Diamanti a Perugia, un primo bilancio.

Sul suo rendimento personale a Perugia,  Alino dice di aver dato finora tutto sé stesso, anche se il suo è un ruolo difficile e lui non è mai stato un grande goleador. Quanto al suo impiego tattico da trequartista, dice di sentirsi più un centrocampista che un attaccante  e di aver già giocato dietro due punte, a Livorno, a Bologna, alla Fiorentina, in Nazionale. Questo modulo, secondo lui, richiede ai tre davanti di correre più dei centrocampisti, “anche una dozzina di chilometri” e, precisa, “io comincio a stare bene da quando gioco con continuità, e quella distanza ho già fatta quando ho giocato dall’inizio”.  Comunque, non farà storie,  si dichiara  a disposizione dell’allenatore, come ha detto fin dal primo giorno.

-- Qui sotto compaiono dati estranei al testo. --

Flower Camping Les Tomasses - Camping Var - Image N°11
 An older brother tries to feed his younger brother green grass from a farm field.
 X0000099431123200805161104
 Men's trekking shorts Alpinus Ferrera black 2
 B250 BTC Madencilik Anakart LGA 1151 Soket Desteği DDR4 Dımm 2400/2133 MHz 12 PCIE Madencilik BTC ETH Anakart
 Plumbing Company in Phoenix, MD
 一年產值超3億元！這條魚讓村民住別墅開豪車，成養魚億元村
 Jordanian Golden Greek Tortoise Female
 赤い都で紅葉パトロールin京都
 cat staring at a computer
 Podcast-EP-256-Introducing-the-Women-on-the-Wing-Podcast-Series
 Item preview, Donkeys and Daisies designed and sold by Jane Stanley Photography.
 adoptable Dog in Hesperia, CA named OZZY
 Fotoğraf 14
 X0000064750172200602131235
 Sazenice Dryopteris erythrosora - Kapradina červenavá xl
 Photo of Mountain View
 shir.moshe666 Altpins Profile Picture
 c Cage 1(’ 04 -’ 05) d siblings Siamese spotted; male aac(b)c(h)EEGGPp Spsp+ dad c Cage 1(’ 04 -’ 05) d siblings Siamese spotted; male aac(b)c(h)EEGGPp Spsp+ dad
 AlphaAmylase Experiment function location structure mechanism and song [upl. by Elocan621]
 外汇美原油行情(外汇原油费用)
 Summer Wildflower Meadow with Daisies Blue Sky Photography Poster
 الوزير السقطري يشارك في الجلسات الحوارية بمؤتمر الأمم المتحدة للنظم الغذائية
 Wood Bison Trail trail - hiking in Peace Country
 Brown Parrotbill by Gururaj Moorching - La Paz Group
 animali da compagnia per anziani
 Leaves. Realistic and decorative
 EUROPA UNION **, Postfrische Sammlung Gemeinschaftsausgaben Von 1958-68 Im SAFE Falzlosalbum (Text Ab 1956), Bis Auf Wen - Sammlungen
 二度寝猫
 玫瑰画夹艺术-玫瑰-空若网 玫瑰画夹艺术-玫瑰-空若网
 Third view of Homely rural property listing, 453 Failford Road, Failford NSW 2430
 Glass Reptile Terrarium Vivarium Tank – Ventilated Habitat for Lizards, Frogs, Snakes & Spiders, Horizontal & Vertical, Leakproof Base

Anche perché, “essendo il più anziano, non devo trasmettere negatività”. Tradotto, non si può permettere di “essere scontento” per come viene impiegato, tanto più in un gruppo dove si trova benissimo e che gli piace tantissimo. Anche perché per il successo di una squadra è fondamentale l’equilibrio tattico, e su questo aspetto riconosce che le valutazioni e le decisioni non possono che essere dell’allenatore.

Il Venezia e le atre partite che restano.

 Arriva il Venezia, partita difficile, squadra forte, costruita per vincere il campionato,  molto fisica, con un allenatore molto preparata che ha saputo dare ai giocatori una mentalità vincente. “Sarà, prevede, un bello scontro, una bellissima partita”. Non sarà decisiva più delle altre, che per lui sono tutte da preparare bene e intensamente allo stesso modo. Dato l’equilibrio, saranno importanti i tifosi del Perugia, che si faranno sentire con presenza e affetto e che “ci sanno caricare”.

Noi e i tifosi. Non siamo noi che trasciniamo loro, sono loro che trascinano noi.

“Io non entro mai cosa mi aspetto dai tifosi, io posso dire solo che è normale che noi siamo felici più gente c’è e più siamo felici. Noi giochiamo per far contenti i nostri tifosi, perché alla fine sono loro che ci fanno sentire importanti, sono loro, quelli che ci trascinano. Non siamo noi che trasciniamo loro, sono loro che trascinano noi. Io la penso così. Io penso che una piazza come Perugia è sempre stata presente. Anche adesso i tifosi si fanno sentire. C’è una grande presenza, c’è un grande affetto e questa è una cosa che mi ha fatto molto piacere e che deve fare onore anche alla piazza di Perugia. I tifosi sono sempre presenti e si sentono molto. Sul piano personale mi fa molto piacere sentire l’affetto dei tifosi alla stadio in casa, come fuori. A Cesena ho vissuto belle emozioni, sentivi i tifosi e ti caricavano.”